On ne trouvera donc dans cet ouvrage aucune thèse récurrente mais plutôt le récit d’un work in progress institutionnel qui a valeur d’expérience unique – et à ce titre remarquable, paradigmatique. Quant aux adolescents, la position adoptée par J.-P. Bigeault n’est pas sans rappeler la proposition faite par S. Freud en 1913, considérant que les tendances perverses et asociales doivent être vues comme le moteur de ce qui peut être transformé par la sublimation, et non un ennemi moral à combattre : « Nos plus hautes vertus se sont élevées, par des formations réactionnelles et des sublimations, de nos pires dispositions. L’éducation devrait scrupuleusement s’empêcher d’enterrer de si précieux ressorts d’action et devrait se limiter à encourager les processus par lesquels ces énergies empruntent des voies saines. »
En remontant aux fondations de la psychopédagogie, l’éducation apparaît comme un acte non seulement poétique, mais aussi, depuis toujours, politique. On repense à A. Aichhorn, au début du xxe siècle, créant des foyers éducatifs pour adolescents afin que ceux-ci ne soient pas embrigadés dans des mouvements paramilitaires annonçant le pire (l’instrumentalisation de la jeunesse, le nazisme…). Aujourd’hui, il demeure toujours suspect de penser ailleurs que dans un objectif précis, comme de viser la réussite scolaire à tout prix. Mais, comme le remarque l’auteur, les projets psychopédagogiques comme celui de Bernfeld et Hoffer en 1918 se heurtent à un obstacle récurrent : l’idéalisation, qui apparaît comme un leurre nécessaire, comme le bébé devra se désillusionner après avoir nourri l’illusion qu’il est le monde.
Qu’il s’agisse d’« ambiance psychothérapique » ou de « psychothérapie orchestrée », la psychopédagogie veut malgré elle quelque chose : agir sur les blocages inconscients en passant par la bande, par des dispositifs mettant la créativité et le décalage au premier plan. La prise en compte de l’environnement, familial et social, est aussi sa marque de fabrique, incluant un dialogue entre les différents partenaires qui se préoccupent de l’enfant et qui ne peuvent s’empêcher de se regarder en chiens de faïence. La qualité de l’environnement de l’enfant en dépend : prendre soin de lui s’articule avec le fait que la position psychopédagogique est une « émanation d’équipe » au sein de laquelle chacun pourrait être le porteur de son désir. La reconstitution d’un espace familial élargi, comme Anna Freud en son temps avec l’école d’Hietzing, fait partie de l’aventure et de son climat. Dans des coins plus sombres, on trouve aussi l’interdépendance affective. Comme l’étoile, l’angle peut paraître mort, mais une mort sans doute annoncée prématurément : l’atelier de français ou de mathématiques, de théâtre ou de poésie, ne peut être dissocié du travail effectué dans un internat de province par le menuisier, pilier officieux de l’institution. Suivant ce fil métaphorique, les adultes se retrouvent dans des « réunions de chantier » qui fon(den)t le ciment institutionnel. Cette culture du lien serait pourtant vaine sans la valeur de l’expérience, ici celle de l’internat.

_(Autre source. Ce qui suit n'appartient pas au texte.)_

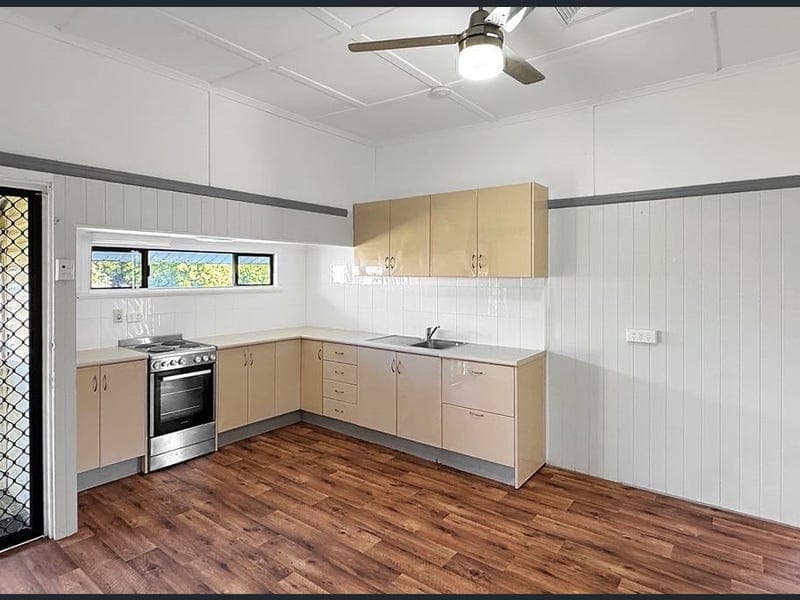 56 Ward Street, Maryborough — photo 1 of 5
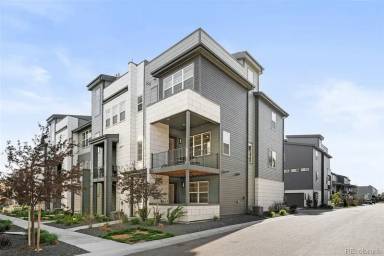 Main picture of 6792 Navajo Way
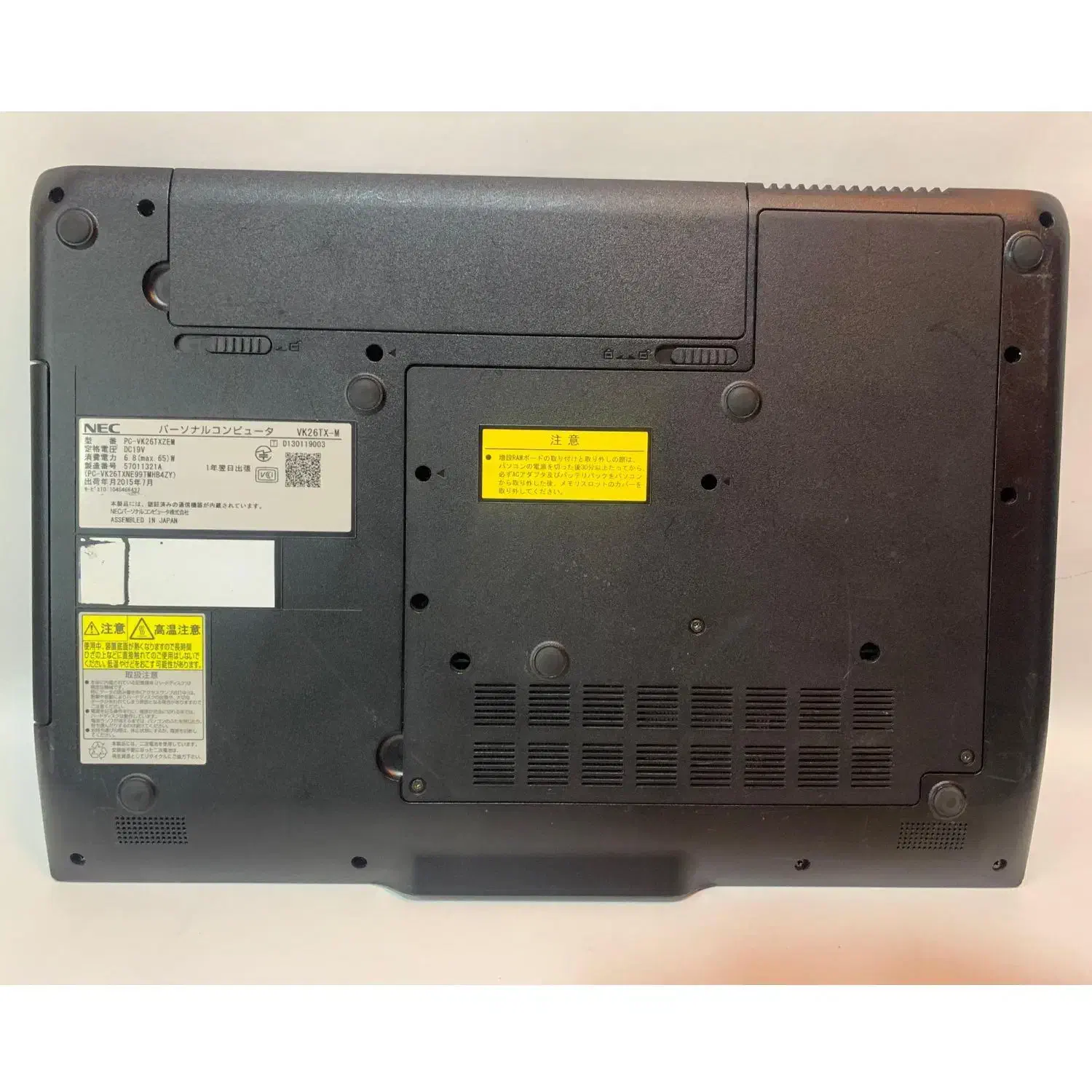 Core i5 / رم 8|رایانه همراه|مسجد سلیمان, |دیوار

Parce que c’est là que veut nous emmener finalement J.-P. Bigeault, avec un ton léger assumant sa différence. Dans le récit de cet internat qu’il dirigea il y a quelque temps déjà, il revisite l’importance d’une collégialité partagée : les enfants sont impliqués dans une commission des menus et ainsi, à petites touches, on voit émerger de l’ombre une atmosphère et sa flagrance. La vie passe, par exemple, à travers la construction de « journées à vivre ».
Par cet écrit humaniste loin de tout langage technique, J.-P. Bigeault raconte avec style les petites histoires qui composent le puzzle institutionnel. Ici, l’histoire d’un vol, là celle d’un incendie. Cet incendie allumé par un adolescent apparaît comme une tragédie – les bâtiments scolaires brûlent, on démissionne, l’illusion apparaît dans sa crudité, nue. En même temps, cet incendie agit comme un révélateur, à la façon dont un événement peut éclairer la nuit pour en démasquer les ombres. Médiation, marge, interstice, autant de mots creux s’ils ne sont pas accompagnés d’une expérience ; ici, dans cet internat, entre les murs, entre les mots, le double sens propre au langage de l’inconscient circule régulièrement : comment ne pas entendre que l’existence d’une grotte, à côté de l’internat, fait office de refuge ou d’espace véhiculant les angoisses de chacun ?
La pratique institutionnelle avec des adolescents ressemble souvent à une grotte à traverser, chaque son produisant une série de résonances pour chacun. Comme un écho de grotte, la culture de la séparation traverse à la fois la pratique institutionnelle et la problématique de tout adolescent. Peut-on exercer son art, de pédagogue, de psychothérapeute ou des deux, sans être proche de son adolescence, non pas dans une complicité que les adolescents dénonceraient sans concession, mais pour mieux entendre les vents contraires qui les agitent ? Pour éduquer, il serait nécessaire de conserver une certaine mobilité, pour transformer un savoir ou une technique en processus créatif. Les prises de décision baroques ne sont alors jamais loin ; cet adolescent qui crache sa désespérance aux visages médusés des éducateurs, il lui sera paradoxalement ordonné comme sanction de dire enfin, une fois pour toutes, tout le vocabulaire grossier à sa disposition, de donner toute sa place au fumier qui l’anime. Sous l’apparent absurde, l’humour perce et donne sa chance à celui qui déroge. De la même façon, comme A. Aichhorn le fit en son temps, donner la responsabilité d’un magasin – ici une buvette, là du tabac – à un adolescent qui a commis un vol fait glisser les lignes d’horizon, déplace et remobilise, dans la confiance d’un lien sécure et non menaçant.
Entrez dans cette danse, on en ressort ahuri devant l’audace, et joyeux face à l’absence de tout cynisme qu’implique cette poétique de l’art éducatif : une certaine dose de risque. N’ayez crainte, entrez dans la grotte.
Florian Houssier,
psychologue, psychanalyste et maître de conférences (hdr) à l’université Paris-Descartes.